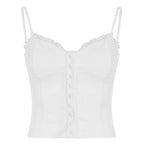 Women's Top with Lace Trim and Button Details
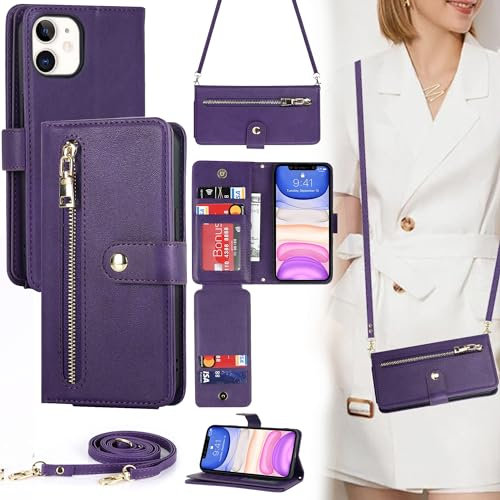 ELTEKER Coque pour iPhone 11, Étui à Rabat Portefeuille avec Sangle réglable, 6 Porte-cartes, Cuir Violet, Flip Case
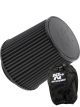 K&N Round Tapered Clamp-On Air Filter RU-5283HBK + Filter Wrap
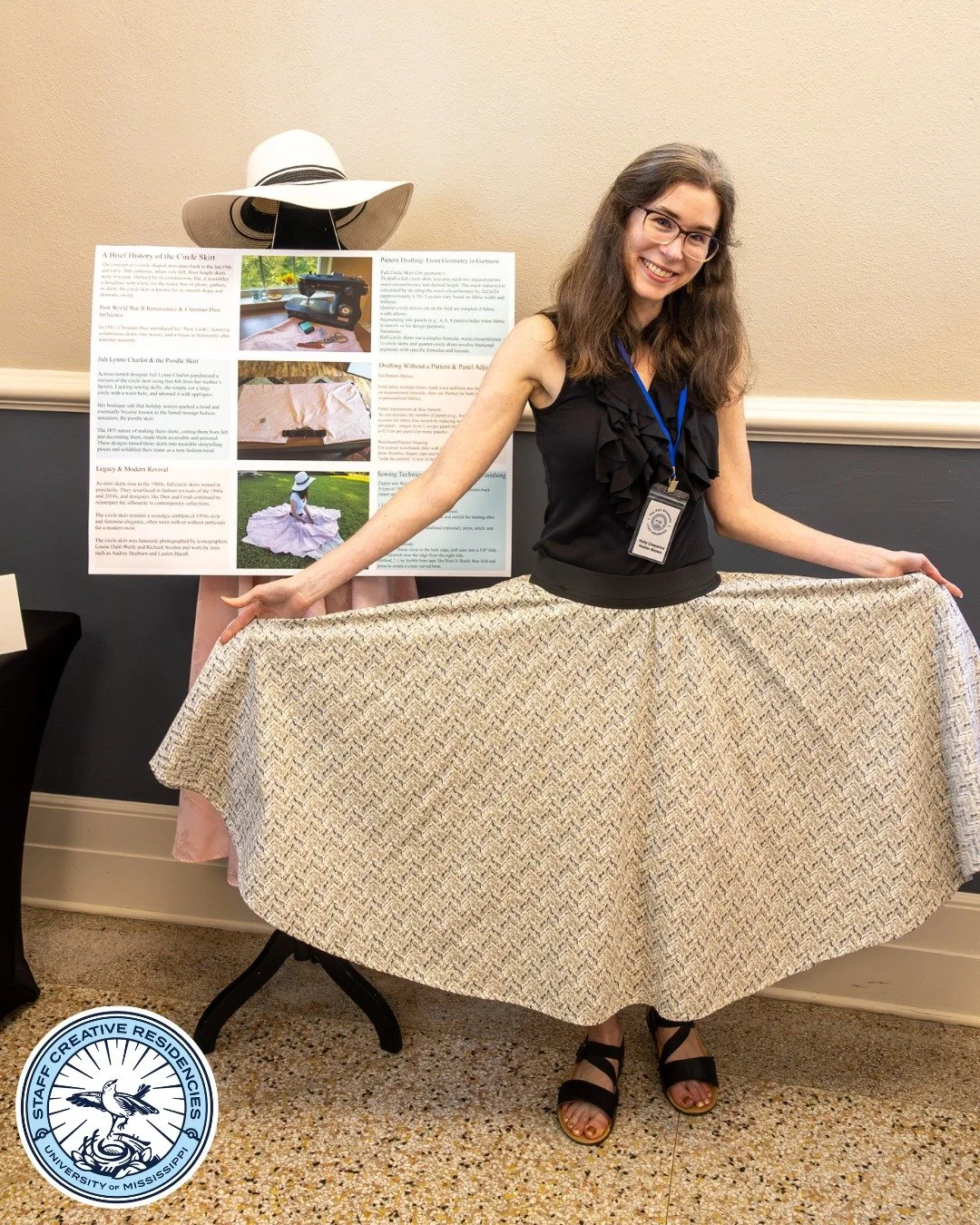 Holly Cheyenne Holder-Brown, Library Specialist II in Access Services, Main Library.

With the help of the Staff Creative Residencies program, Holly learned about the history of the circle skirt, how her grandmother and mother learned how to sew, and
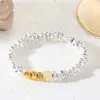 Pulsera Antiestática de Venta Caliente Transfronteriza Popular de Amazon de Piedra Bilis Negra Galvanizada Ajustable Irregular con Cuentas para Mujer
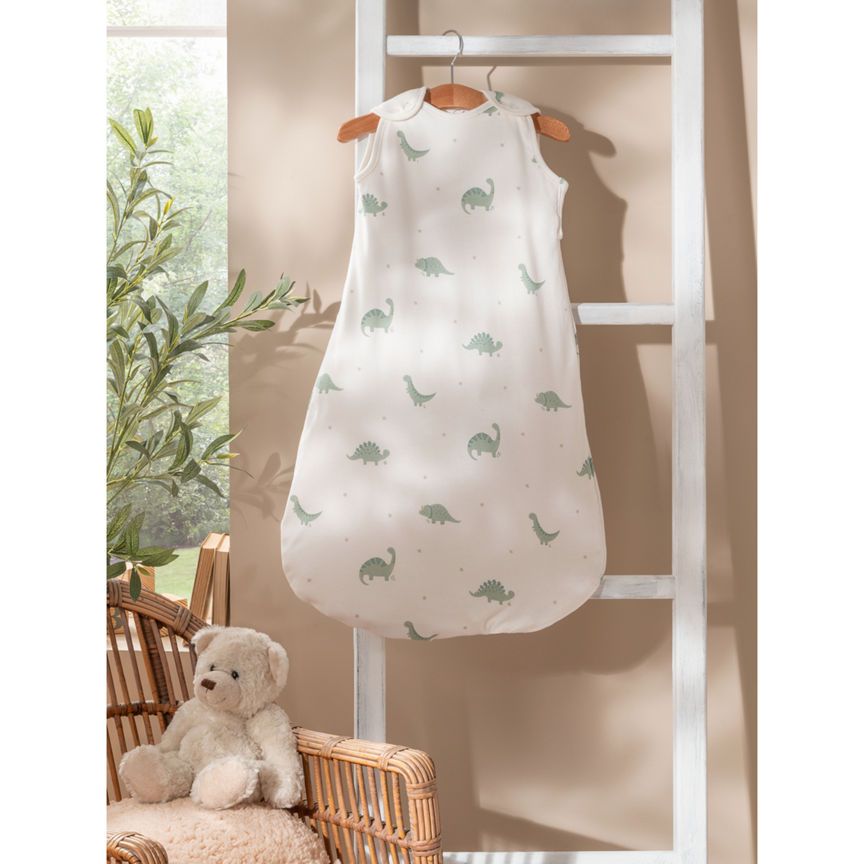 At Home with Stacey Solomon Green Dino Cotton Sleep Bag - McGrocer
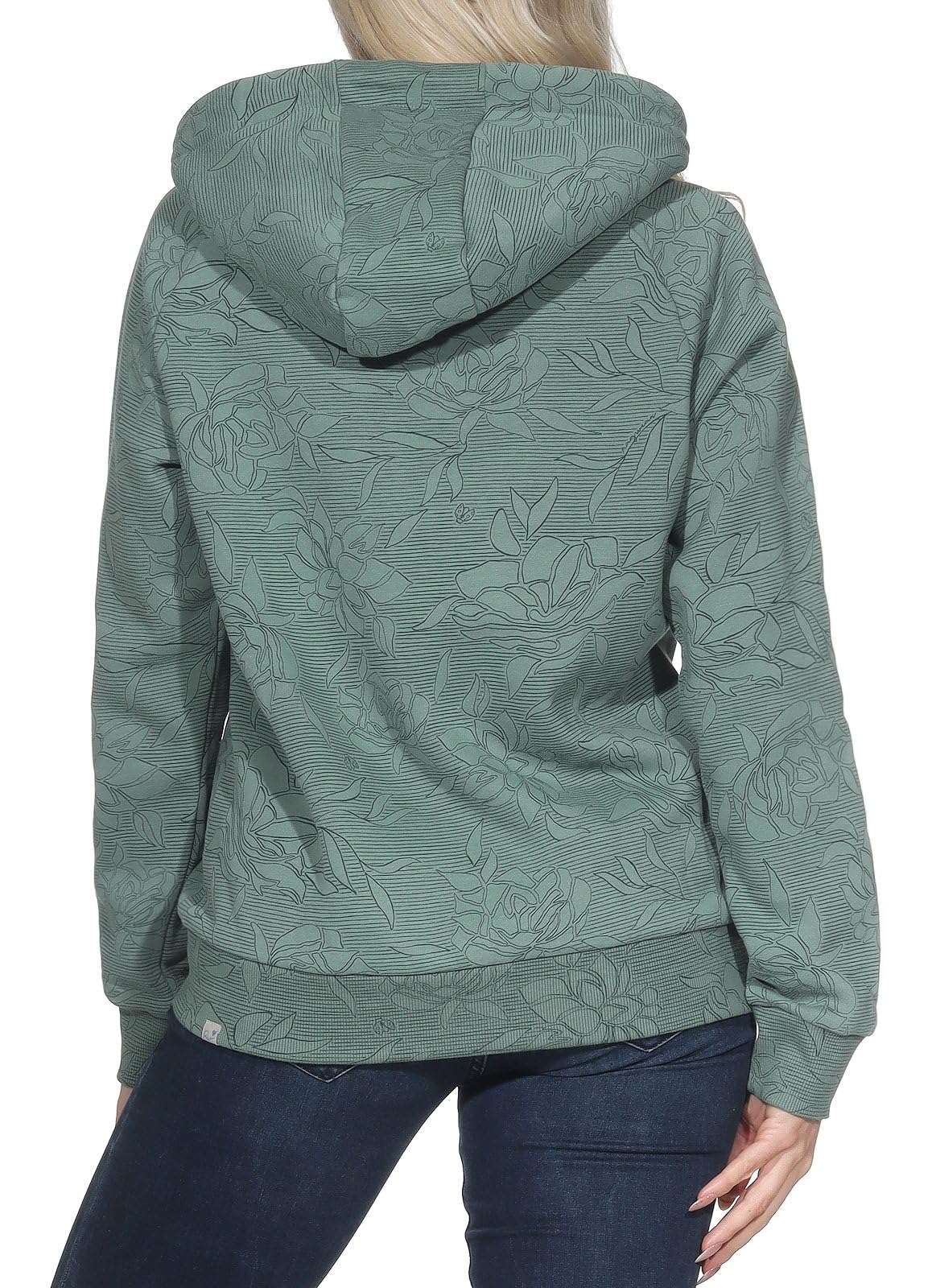 Ragwear Damen Kapuzen-Sweatjacke gestreifte Freizeitjacke mit Blumenmuster Fllawia Print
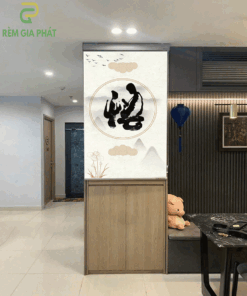 Rèm che ban thờ in tranh họa tiết hoa sen mã RCBT - 01292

= = =

WHAT TO PRODUCE | Please reproduce exactly, and nothing more, the lines from the one containing "At Home with" through the last line of the entries, both included; pictures stay out.

RESPONSE TO THE TASK |
 At Home with Stacey Solomon Green Dino Cotton Sleep Bag - McGrocer
 Ragwear Damen Kapuzen-Sweatjacke gestreifte Freizeitjacke mit Blumenmuster Fllawia Print
 Rèm che ban thờ in tranh họa tiết hoa sen mã RCBT - 01292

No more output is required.